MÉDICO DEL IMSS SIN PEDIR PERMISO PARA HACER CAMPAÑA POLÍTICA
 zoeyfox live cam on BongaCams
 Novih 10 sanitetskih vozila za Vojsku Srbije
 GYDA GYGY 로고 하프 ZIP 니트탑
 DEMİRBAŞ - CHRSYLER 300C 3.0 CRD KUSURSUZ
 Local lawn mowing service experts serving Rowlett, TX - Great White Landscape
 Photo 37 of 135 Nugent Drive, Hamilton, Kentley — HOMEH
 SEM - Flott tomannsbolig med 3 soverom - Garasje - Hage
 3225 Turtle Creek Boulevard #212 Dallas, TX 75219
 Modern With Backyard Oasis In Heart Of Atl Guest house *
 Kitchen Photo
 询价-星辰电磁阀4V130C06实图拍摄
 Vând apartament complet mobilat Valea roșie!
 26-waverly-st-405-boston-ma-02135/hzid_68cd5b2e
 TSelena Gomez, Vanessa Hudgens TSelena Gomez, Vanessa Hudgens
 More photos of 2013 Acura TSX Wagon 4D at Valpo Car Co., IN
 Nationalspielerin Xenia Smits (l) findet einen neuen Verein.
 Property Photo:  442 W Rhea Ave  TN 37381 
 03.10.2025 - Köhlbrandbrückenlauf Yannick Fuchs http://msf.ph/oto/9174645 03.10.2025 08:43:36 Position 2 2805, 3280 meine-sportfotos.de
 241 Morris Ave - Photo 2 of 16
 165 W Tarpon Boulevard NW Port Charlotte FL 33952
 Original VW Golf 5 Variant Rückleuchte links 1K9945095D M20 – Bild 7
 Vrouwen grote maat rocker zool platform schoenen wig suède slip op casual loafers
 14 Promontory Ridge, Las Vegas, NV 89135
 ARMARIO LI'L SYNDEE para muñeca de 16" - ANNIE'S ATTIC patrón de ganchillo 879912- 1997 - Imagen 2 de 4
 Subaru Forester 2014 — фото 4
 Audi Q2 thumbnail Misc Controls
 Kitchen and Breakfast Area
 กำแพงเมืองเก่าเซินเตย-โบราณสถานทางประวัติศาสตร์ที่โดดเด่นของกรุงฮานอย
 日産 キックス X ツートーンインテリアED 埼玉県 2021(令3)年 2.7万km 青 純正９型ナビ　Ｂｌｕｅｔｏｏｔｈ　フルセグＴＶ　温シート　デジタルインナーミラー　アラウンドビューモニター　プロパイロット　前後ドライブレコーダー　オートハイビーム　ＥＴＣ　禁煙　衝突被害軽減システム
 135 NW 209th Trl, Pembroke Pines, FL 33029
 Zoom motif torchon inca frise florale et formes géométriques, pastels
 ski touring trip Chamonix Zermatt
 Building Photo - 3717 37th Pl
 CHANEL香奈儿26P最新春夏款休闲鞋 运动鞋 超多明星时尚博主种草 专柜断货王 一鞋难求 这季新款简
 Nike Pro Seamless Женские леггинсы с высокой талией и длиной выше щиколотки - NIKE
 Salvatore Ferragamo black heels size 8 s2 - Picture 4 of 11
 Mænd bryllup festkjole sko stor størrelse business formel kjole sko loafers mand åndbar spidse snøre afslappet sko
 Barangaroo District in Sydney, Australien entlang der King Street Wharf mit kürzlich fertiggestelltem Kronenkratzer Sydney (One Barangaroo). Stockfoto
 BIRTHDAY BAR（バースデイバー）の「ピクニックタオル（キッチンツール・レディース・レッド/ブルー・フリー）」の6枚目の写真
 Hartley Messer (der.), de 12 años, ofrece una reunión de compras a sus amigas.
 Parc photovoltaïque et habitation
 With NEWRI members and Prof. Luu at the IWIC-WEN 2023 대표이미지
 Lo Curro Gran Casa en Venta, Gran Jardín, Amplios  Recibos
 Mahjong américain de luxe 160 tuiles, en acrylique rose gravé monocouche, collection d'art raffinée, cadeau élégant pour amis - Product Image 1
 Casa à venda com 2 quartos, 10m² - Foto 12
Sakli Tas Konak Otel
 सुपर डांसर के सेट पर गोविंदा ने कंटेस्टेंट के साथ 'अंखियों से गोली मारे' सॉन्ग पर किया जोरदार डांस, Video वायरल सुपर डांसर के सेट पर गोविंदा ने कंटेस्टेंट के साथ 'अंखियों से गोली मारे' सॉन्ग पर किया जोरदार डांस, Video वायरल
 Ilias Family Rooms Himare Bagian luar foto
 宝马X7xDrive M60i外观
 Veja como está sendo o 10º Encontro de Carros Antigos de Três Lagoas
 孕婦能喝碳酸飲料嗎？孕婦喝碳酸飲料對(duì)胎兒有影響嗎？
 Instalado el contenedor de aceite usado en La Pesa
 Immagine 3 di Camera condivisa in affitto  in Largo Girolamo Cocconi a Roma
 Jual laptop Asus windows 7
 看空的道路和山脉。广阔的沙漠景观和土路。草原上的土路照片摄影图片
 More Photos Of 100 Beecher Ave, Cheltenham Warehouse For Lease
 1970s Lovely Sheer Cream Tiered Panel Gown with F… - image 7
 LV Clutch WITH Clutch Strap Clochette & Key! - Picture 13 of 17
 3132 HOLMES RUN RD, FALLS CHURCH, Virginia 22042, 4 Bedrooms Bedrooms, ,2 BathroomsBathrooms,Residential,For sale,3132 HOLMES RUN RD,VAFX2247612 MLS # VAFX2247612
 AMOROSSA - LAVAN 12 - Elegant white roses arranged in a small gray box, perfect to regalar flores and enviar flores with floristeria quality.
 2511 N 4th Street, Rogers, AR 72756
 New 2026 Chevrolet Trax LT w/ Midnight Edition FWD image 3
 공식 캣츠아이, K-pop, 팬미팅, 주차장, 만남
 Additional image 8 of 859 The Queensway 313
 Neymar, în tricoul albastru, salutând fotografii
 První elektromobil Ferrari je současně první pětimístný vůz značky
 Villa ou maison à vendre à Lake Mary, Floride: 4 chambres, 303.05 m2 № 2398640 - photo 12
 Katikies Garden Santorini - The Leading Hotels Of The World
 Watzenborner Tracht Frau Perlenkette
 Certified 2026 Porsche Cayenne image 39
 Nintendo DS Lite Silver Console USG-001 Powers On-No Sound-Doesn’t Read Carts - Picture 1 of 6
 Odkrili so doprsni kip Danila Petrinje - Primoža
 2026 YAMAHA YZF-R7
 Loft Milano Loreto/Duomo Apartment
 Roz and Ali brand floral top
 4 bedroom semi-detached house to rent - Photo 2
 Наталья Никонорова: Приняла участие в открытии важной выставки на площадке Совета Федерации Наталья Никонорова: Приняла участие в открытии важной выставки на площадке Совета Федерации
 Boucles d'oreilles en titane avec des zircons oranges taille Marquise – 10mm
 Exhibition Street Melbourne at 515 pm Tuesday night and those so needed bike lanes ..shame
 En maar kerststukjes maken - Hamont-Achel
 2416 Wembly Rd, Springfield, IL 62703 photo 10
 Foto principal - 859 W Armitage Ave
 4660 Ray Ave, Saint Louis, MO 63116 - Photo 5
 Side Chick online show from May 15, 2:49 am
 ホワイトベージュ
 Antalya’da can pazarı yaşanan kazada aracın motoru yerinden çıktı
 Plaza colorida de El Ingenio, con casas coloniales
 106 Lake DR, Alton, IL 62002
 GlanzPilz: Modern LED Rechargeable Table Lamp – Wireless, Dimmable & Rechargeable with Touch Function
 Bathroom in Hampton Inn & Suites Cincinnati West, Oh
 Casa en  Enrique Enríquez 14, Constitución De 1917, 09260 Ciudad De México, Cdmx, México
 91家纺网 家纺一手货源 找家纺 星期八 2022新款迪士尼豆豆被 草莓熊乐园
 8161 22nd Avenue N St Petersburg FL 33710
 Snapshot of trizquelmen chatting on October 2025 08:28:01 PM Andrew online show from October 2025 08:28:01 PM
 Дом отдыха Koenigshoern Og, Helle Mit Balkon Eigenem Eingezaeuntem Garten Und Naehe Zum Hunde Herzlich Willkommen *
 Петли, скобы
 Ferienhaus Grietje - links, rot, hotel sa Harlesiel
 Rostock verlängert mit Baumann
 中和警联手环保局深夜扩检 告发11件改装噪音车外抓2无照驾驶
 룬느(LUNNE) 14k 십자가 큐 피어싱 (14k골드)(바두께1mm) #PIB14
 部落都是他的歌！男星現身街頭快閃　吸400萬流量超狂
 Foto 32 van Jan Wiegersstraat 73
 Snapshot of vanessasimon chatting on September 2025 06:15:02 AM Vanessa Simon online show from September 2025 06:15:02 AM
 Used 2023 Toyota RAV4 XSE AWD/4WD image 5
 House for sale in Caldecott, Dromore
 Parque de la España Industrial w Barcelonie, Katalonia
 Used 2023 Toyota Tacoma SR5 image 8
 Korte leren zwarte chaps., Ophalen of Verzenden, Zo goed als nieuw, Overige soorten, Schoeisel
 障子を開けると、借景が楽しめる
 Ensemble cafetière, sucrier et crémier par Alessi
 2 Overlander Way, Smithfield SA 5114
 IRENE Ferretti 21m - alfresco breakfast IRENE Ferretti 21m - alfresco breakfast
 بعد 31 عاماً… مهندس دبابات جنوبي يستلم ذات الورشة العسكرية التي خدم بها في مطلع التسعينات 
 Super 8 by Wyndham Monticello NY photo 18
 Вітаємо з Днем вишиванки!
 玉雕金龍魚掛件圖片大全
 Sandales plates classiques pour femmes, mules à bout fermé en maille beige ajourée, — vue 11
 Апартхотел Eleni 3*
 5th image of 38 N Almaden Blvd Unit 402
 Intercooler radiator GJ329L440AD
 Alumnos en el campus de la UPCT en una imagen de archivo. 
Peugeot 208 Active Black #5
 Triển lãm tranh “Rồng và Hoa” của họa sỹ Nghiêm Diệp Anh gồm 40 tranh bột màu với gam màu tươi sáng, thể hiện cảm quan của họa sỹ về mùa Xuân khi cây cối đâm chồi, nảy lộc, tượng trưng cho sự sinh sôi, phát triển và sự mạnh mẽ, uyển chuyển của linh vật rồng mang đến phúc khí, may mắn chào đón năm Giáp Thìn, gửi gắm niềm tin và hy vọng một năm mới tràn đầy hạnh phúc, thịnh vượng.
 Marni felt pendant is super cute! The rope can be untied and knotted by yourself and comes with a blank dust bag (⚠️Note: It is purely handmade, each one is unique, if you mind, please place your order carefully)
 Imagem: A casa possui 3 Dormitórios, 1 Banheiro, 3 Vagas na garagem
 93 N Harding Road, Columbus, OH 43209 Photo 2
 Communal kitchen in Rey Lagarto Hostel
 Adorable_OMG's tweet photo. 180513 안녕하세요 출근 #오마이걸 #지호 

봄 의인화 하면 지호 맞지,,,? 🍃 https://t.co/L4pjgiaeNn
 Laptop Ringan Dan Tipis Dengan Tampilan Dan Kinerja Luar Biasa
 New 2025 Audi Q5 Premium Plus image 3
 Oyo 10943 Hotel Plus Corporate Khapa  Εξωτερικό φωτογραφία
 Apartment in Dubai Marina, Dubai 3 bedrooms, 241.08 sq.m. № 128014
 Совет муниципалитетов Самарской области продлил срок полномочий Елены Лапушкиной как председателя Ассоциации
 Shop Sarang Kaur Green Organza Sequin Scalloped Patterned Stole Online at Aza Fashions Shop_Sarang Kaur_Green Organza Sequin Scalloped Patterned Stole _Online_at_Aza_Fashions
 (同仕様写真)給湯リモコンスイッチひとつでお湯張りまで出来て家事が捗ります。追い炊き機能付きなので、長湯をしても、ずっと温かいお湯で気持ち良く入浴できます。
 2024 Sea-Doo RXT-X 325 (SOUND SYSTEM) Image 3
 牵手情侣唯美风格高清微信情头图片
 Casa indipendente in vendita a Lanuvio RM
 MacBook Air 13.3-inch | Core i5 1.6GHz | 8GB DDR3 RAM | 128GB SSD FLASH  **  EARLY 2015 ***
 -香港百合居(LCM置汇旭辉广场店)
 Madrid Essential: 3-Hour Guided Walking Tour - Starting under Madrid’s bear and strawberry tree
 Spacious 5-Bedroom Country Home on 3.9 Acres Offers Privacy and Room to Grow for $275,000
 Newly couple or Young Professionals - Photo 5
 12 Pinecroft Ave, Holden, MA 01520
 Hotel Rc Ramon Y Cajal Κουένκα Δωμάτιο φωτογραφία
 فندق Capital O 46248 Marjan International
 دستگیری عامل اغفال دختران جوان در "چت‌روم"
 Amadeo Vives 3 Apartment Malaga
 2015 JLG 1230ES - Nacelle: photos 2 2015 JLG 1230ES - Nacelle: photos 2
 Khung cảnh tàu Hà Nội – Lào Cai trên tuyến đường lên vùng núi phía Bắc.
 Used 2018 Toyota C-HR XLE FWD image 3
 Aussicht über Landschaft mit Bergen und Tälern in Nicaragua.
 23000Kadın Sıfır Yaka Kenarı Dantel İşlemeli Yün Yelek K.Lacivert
============
Wherever the word "Plus" turns up in the records above, copy the line that holds it.

RESULT BELOW -
 New 2025 Audi Q5 Premium Plus image 3
 Oyo 10943 Hotel Plus Corporate Khapa  Εξωτερικό φωτογραφία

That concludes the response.